今年,自初夏的醺風到仲秋的襖熱,幾場名畫展如向日葵在台北大都會綻放。我化身為一隻尋蜜的蜂,對畫作的讚嘆,化為我飽吸的心靈蜜汁。
從故宮北院的「大都會博物館名畫展」到英國光之畫家「威廉·透納」特展,我跟著展開了跨世紀的光影追逐。

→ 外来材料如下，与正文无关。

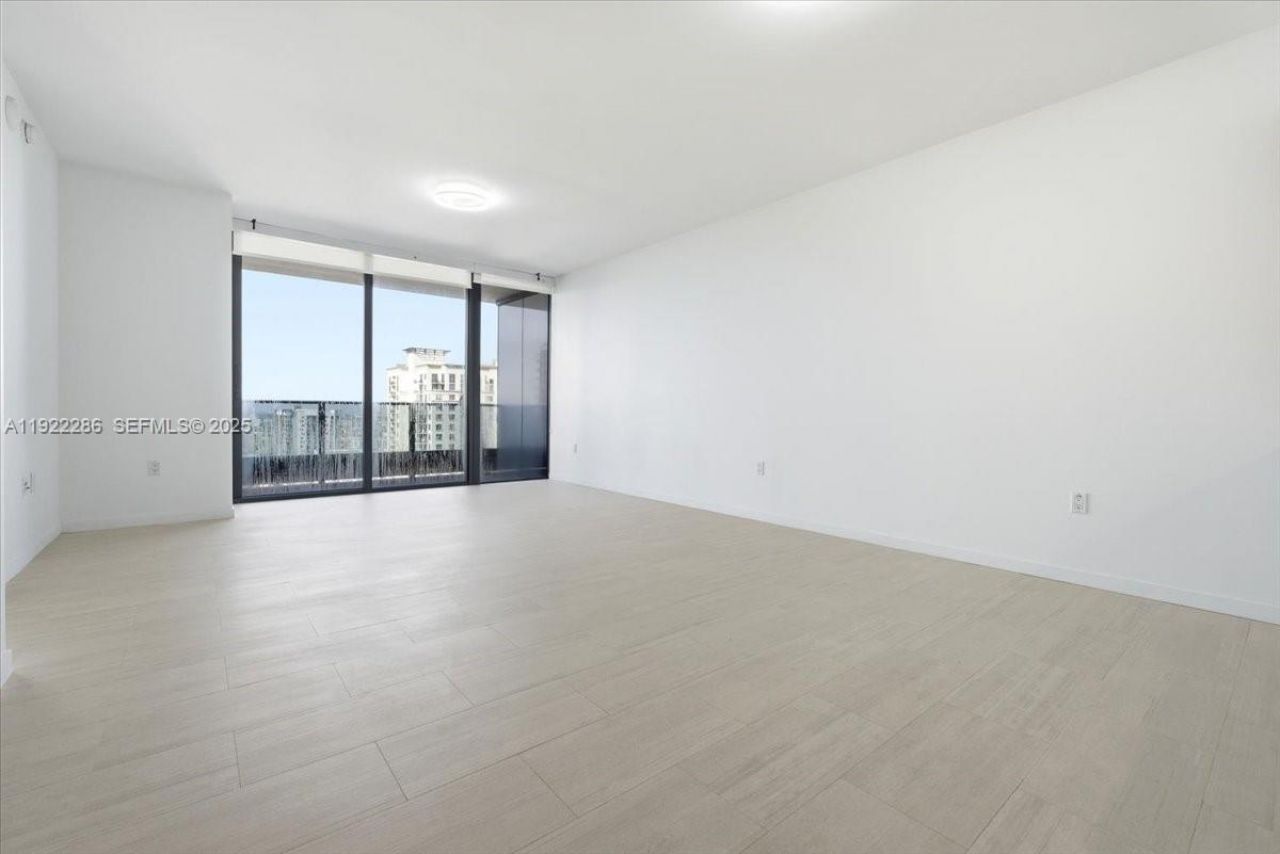1000 Brickell Plz, Unit 3211, Miami, FL 33131 Photo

透納,把我領到印象派之父──莫內的面前。傳說年輕的莫內一路追逐光。他在羅浮宮看見透納的迷濛:薄霧、落日、色塊輕輕推移。於是,他以更自由的筆觸捕捉瞬間,讓視覺在畫布上跳出一段段即興的芭蕾。
印象派的誕生:模糊與自由
印象派的誕生始於他創作《印象,日出》——天光、晨霧與海洋連成一氣,丹紅的太陽凝神於畫布上。前景撐槳的船夫,與遠方模糊的船影相互映照,巧妙地留給觀賞者填補細節的自由。「印象派」之名,因此畫而生。

台北展出的這幅《睡蓮》,屬於莫內晚年的寧靜。水藍的霧氣輕覆整個畫面,荷葉安安穩穩躺在左下方,兩點粉紅是它的呼吸。這份沉靜,不是青年時的炫目,而是歲月沉澱後的自在
美術館一大面牆的復刻畫,放大了池畔與拱橋的風景,色彩飽滿熱鬧,像在平日裡兀自綻放的節慶花火。


睡蓮:觀照自我的倒影
我憶起那段每年盛夏,與好友相約在植物園池畔賞蓮的日子。那時青春的笑鬧,像紅豆牛奶冰一樣冰鎮著暑氣。如今我們各自成家,賞蓮的閒情逸致不再。通訊軟體短短幾字,是各自安好的證明,卻無法承載她先生中風後,她那份走不開的牽掛。
日前再次經過荷花池,荷花不再,倒是幾朵睡蓮歪斜地飄浮在偌大的盆裡。我藉莫內的眼進入畫裡的蓮花池,卻同時感知自己曾經的歲月。一場畫作的夢幻芭蕾舞,真實在我眼前展開。
蓮花總能帶領人明心見性。即使是睡蓮,也能觀照出自我內心的模樣。
這份沉靜,是歲月經由莫內的畫筆,為我們留下的最溫柔的解答。